I 'gree there is no simple answer here, but aren't Chinese people eating fake eggs and rice these days ?

Why the demand for something real ?
Sinister1811
1.6 / 5 (7) Jan 12, 2012
Good, I'm glad that this happened. Something has to happen to stop these guys from doing the wrong thing. Maybe next time they'll get the message.
Callippo
1 / 5 (1) Jan 12, 2012
Why not to farm the rhinos for their horns? It would save many animals living in wild.
antialias_physorg
5 / 5 (1) Jan 12, 2012
Why the demand for something real ?

Beacause the rich have so much money that they don't know what to do with it. So exotic/rare/illegal kicks is all that is left.

Fake substitutes (in any area...even if superior in efficacy) won't do.

This is a psychological problem - not a problem of the quality of the product.
bewertow
5 / 5 (1) Jan 13, 2012
This traditional medicine crap results in the death of so many threatened species. Disgusting.
Isaacsname
5 / 5 (1) Jan 13, 2012


Fake substitutes (in any area...even if superior in efficacy) won't do.

This is a psychological problem - not a problem of the quality of the product.

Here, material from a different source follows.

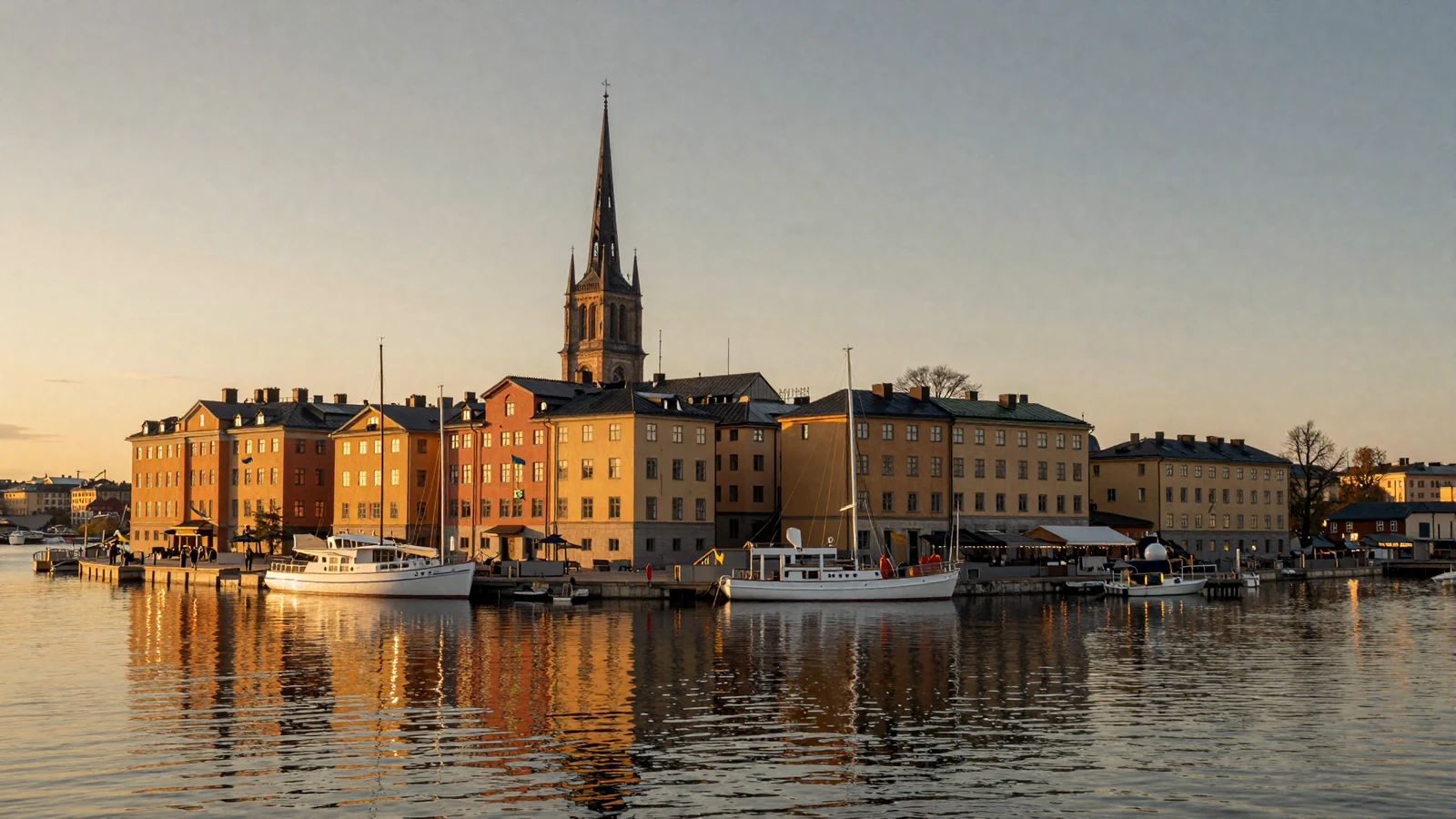Stockholm archipelago waterfront at golden hour with Gamla Stan buildings for Swedish women dating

Most of 'em don't know chicken shit from chicken salad, AP. I've watched rich fools spending money eating in " Fine dining " restaurants for years. 99% of them can't tell the difference between tap water ot bottled water, or dyed Chinese truffles and real French or Italian grown truffles, or Paddlefish caviar from sturgeon roe, etc, etc, ...etc.

It is in the mind, like you say, that's why I say flood the market with fake product. They won't know the difference.

It's not to stop people from believing their brand of Rx works, that's very important, but to prevent losing another species for no good reason.

For that matter, I would think we are on the verge of being able to grow the material anyhoo.